Move the dough to a lightly floured surface and form into a ball. Place in a lightly greased bowl making sure all sides of the dough are oiled. Cover with plastic wrap and let sit and rise until doubled in size. Punch the dough (your kids will get a kick out of this part!) and divide it into 5 equal portions.
Form into smooth balls and place on parchment-lined cookie sheet. Cover with a clean tea towel and let rise again.
Preheat the oven and place an empty oven-safe tin into the oven on the bottom rack. Score the tops of the buns and then pour hot water into the empty pan. Immediately place the pan with the buns onto the rack above and bake until ready.
The reason for the water in the pan is to create steam, a very important step for keeping the surface of the dough moist.
For a shinier top coat on your buns, you can use a bit of melted butter to create that sheen but not a necessary addition.
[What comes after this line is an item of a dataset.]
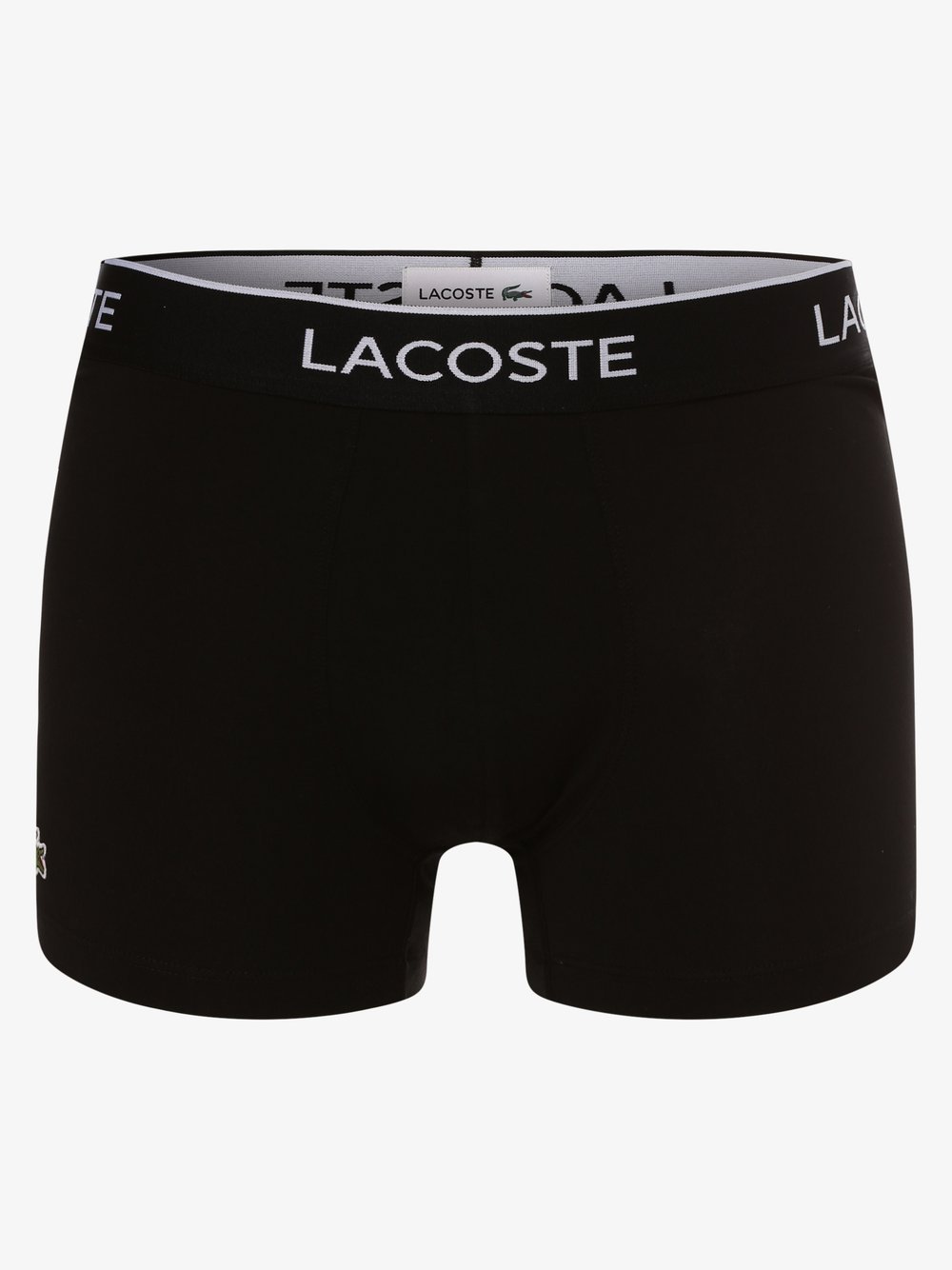 Lacoste Obcisłe bokserki pakowane po 3 szt. Mężczyźni Bawełna czarny jednolity, S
Once finished, remove to cool. Fill it with your favourite sandwich toppings and enjoy the BEST sandwich!
Homemade Sandwich Rolls
- 1/2 cup + 3 tablespoons lukewarm water (105F / 40C)
- 1 pinch granulated sugar
- 1 1/4 teaspoons active dry yeast
- 2 1/4 cups + 2 1/2 tablespoons all purpose flour or bread flour
- 1 tablespoon olive oil
- 1 1/4 teaspoon salt
- In the mixing bowl mix the water and sugar, sprinkle the yeast on top, wait 5 minutes then stir to combine.
- To the mixture add the flour and olive oil start to knead with the dough hook then add the salt and continue to knead for 4 minutes until smooth and elastic. Move the dough to a lightly floured flat surface and form into a ball, place in a lightly greased bowl, roll the dough in the bowl to lightly cover with oil. Cover the bowl with plastic wrap, let rise in a warm draft free area for 1 1/2 – 2 hours or until doubled in bulk.
- Punch the dough down and divide into 5 equal portions, form into a smooth ball, place on a parchment paper lined cookie sheet, cover with a clean tea towel and let rise 45-60 minutes.
- Pre-heat oven to 425F (215C). Place an empty oven safe tin in the oven.
- Make a cross with a sharp knife on every roll, pour one cup of hot water in the pan and quickly place the rolls in the oven. Bake for approximately 20 minutes. Immediately place on a wire rack to cool. Enjoy!
There is no way that is enough water for that much flour. I’m doubling the batch and I have a very dry ball of dough with lots of extra flour laying on my cupboard. I don’t have a mixer and have always kneaded by hand with no issue. Not sure how anyone was able to make these as the recipe states.
Hi, some flours absorb liquid differently from others, try adding more water that should solve the problem. It worked for us with the measurements we wrote down.
I don’t have a stand mixer. Could I just stir it by hand?
Hi Aurora, yes you could knead the dough by hand, it will take about 15-20 minutes of kneading. Let me know how it goes.
Great recipe! The crumb is excellent. The crust is perfect. Made these yesterday and gonna make another batch today and shape them into torpedoes instead of rounds. Thanks so much!
Thanks so much Guy, so glad you like the recipe. Have a great week.
Be careful when increasing the recipe it does not increase the gram amount something that I did not realize until after.
Hi Carolyn, thanks for letting me know, I have corrected it.
These were amazing! I am sure I will be making these on repeat!
Hi Joanna, thanks so much, so glad you enjoyed them. Have a wonderful Sunday.
The best Italian buns I’ve made thank you
Thanks so much Frances, glad you enjoyed them. Have a great week.
Sorry Rosemary must of been in the moon, notice metric measurements for flour and water
Hi Pina, no problem. 🙂
Ummmm, how much flour you said 2 1/4 plus 2 1/2????
Hi Lori, 2 1/4 cups + 2 1/2 tablespoons as written in the instructions. Thanks.